If the best way to make someone else look bad is to make yourself look good, what’s the best way to make yourself look bad? A lot of people would argue that it’s to prove your a phoney somehow, but I’m starting to wonder if that’s not quite the most effective way to self-sabotage.
The worst thing you can possibly do as a leader – in whatever arena you lead – is walk away. Once you’ve taken up the mantle of tribe leader, and all of the privileges and responsibilities that go with that, it doesn’t matter any longer how big or small the tribe itself is. When you’re the leader, the entire breath of the tribe comes from how you interact with it. How you encourage its growth. If you step off – even if you nominate a new leader, or one steps in – the burning of that bridge will invariably spread further than you expect.
Part of this is because any kind of leadership is public. Your tribemates are members of other tribes, and rest assured, they’ll tell these other groups exactly how you behaved as a leader. It also affects those to whom you were spokesperson for your group. As the leader, you’re the face of the group, and when you walk away, these other groups will see that and start asking questions. They’ll never get the real answers – your followers won’t tell your story for you any more accurately for your disappearance, if they tell it at all.

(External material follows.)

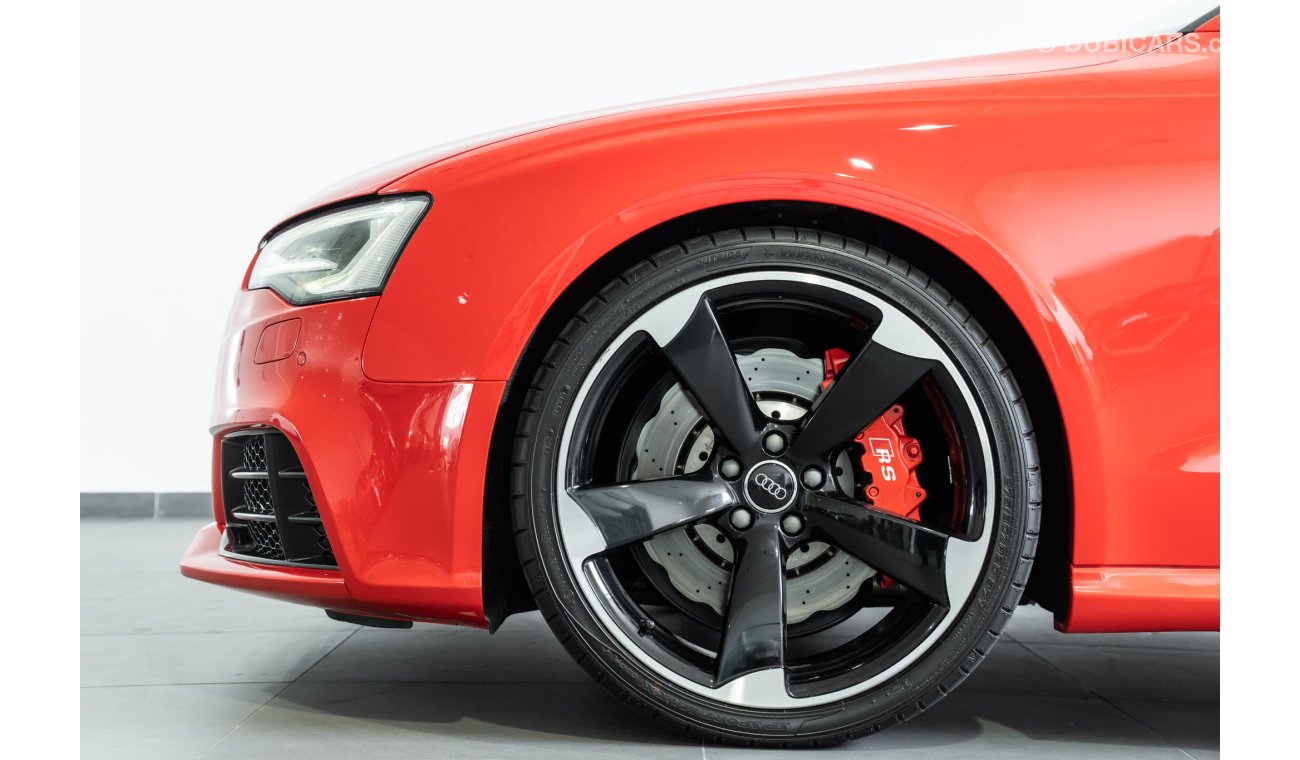 Audi RS5 2013 Audi RS5 Coupe / Full-Service History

And in this case, respectful silence has no benefit. It leads to speculation in the opposition, and speculation is never a good sign.
How you quit does matter. Moving on is not the same as walking away – finding a better purpose, dissolving a group which has accomplished its task, these are all valid reasons, and there are more. What makes the difference between the end of a task and abandonment is timing and disclosure. If it’s well known that you’re finishing your term at a given time, or that the task will take a specified period, that’s cool. In some instances it may even drive people harder and make them happier with you as a leader – assuming you stand up to your promises as laid out.
Quitting is worse. It’s the most absolute self-sabotage. Having a leader quit tends to make people feel as though they’ve been led on, that there was never any end in sight, or that any goals that you introduced meant nothing and all of their work was meaningless as well.